Billionaire Bill Gross: Debt Saturation


Bill Gross

pimco-bill-gross

Excerpt from an interview with Barrons.

The Federal Reserve was created in 1913. President Nixon took the U.S. off the gold standard in 1971. For the past 40-plus years, central banks have been able to print as much money as they wanted, and they have. When I started at Pimco in 1971, the amount of credit outstanding in the U.S., including mortgages, business debt, and government debt, was $1 trillion. Now it’s $58 trillion. Credit growth, at least in its earlier stages, can be very productive. For all the faults of Fannie Mae and Freddie Mac, the securitization of mortgages lowered interest rates and enabled people to buy homes. But when credit reaches the point of satiation, it doesn’t do what it did before.

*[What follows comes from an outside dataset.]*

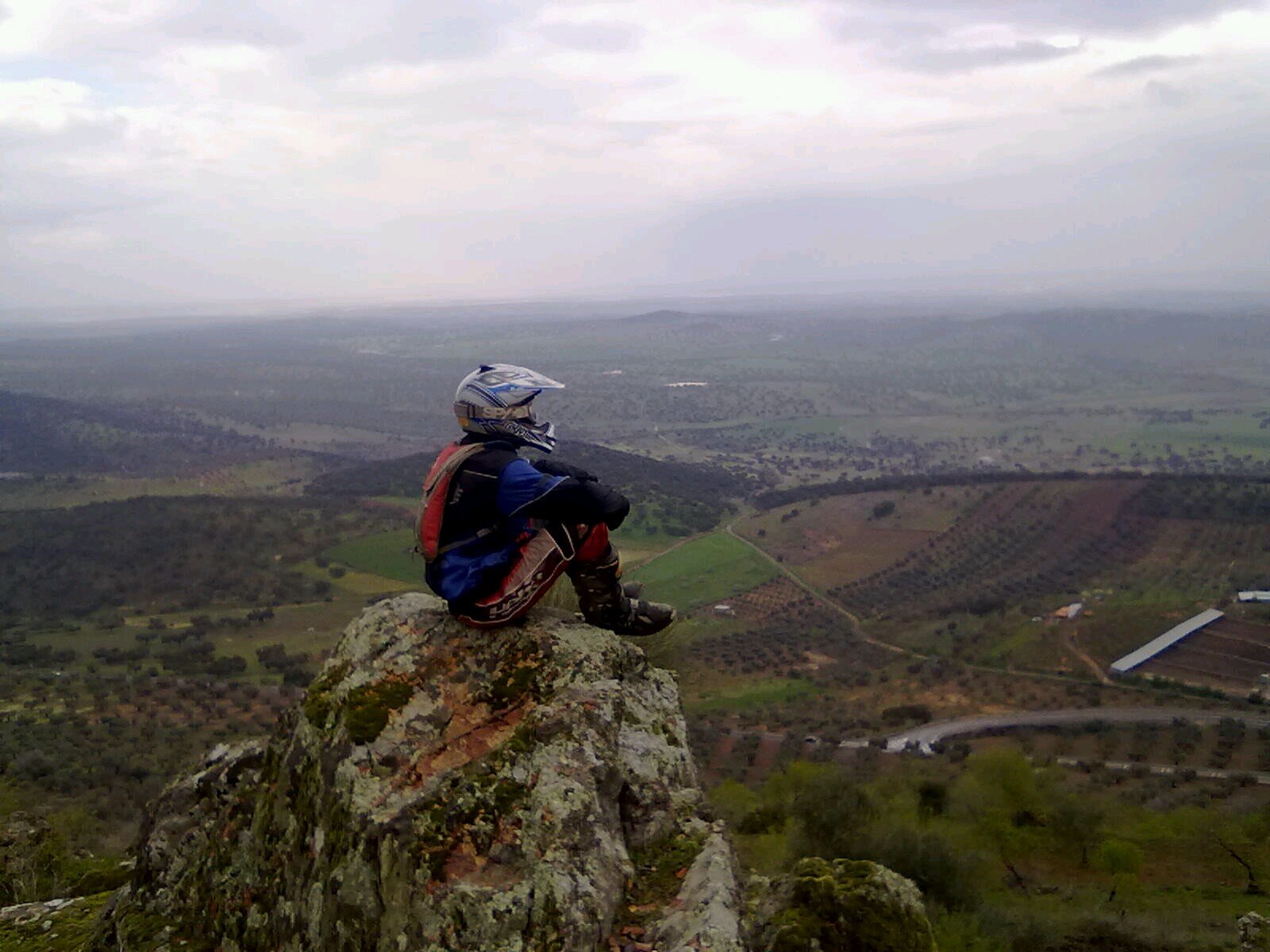 hice la mili en cerro muriano y duermo con la luz apagá. PARA QUE VOY A CAMBIAR, SI YA TENGO SUELTO. Sin dolor, no hay progreso. Nado por el autismo!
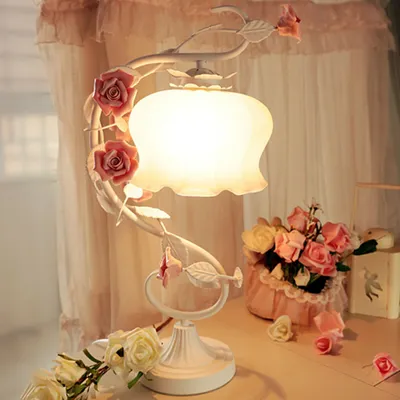 Zdjęcie produktu dla Dekoracyjna lampa stołowa z różą Lampa nocna z różą Ręcznie wykonana ceramiczna lampa stołowa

Think of the old Monty Python movie, The Meaning of Life. A grotesque, rotund guy keeps eating to demonstrate the negatives of gluttony, and finally is offered one last thing, a “wafer-thin mint.” He swallows it and explodes. It’s pretty funny. Is our financial system, with $58 trillion of credit, to the point of a wafer-thin mint? Probably not. But we’re to the point where every bite is less and less fulfilling. Even though credit isn’t being created as rapidly as in the past, it doesn’t do what it did before.

Central banks believe that the historical model of raising interest rates to dampen inflation and lowering rates to invigorate the economy is still a functional model. The experience of the past five years, and maybe the past 15 or 20 in Japan, has shown this isn’t the case.